**WHAT YOU HAVE TO DO:** Copy out each line of the material below that holds the string "Jersey".

**RECORDS FOR THE TASK:**

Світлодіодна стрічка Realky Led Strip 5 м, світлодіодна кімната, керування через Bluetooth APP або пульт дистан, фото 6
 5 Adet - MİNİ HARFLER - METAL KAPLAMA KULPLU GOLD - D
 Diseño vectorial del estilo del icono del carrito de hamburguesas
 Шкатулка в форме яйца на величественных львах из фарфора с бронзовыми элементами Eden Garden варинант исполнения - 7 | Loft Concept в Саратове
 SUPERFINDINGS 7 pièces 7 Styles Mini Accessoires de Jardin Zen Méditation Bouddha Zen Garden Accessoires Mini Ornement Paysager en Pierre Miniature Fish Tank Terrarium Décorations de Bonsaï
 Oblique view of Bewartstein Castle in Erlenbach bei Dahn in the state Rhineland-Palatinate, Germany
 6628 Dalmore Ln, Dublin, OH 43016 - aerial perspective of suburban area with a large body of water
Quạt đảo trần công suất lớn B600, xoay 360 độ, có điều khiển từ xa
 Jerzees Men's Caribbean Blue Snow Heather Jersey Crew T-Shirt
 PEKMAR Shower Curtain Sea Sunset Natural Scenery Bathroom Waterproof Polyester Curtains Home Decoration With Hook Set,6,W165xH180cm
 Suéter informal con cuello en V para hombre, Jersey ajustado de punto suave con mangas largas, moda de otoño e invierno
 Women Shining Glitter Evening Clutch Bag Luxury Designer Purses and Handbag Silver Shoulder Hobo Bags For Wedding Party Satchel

**ANSWER BOX:**
 Jerzees Men's Caribbean Blue Snow Heather Jersey Crew T-Shirt
 Suéter informal con cuello en V para hombre, Jersey ajustado de punto suave con mangas largas, moda de otoño e invierno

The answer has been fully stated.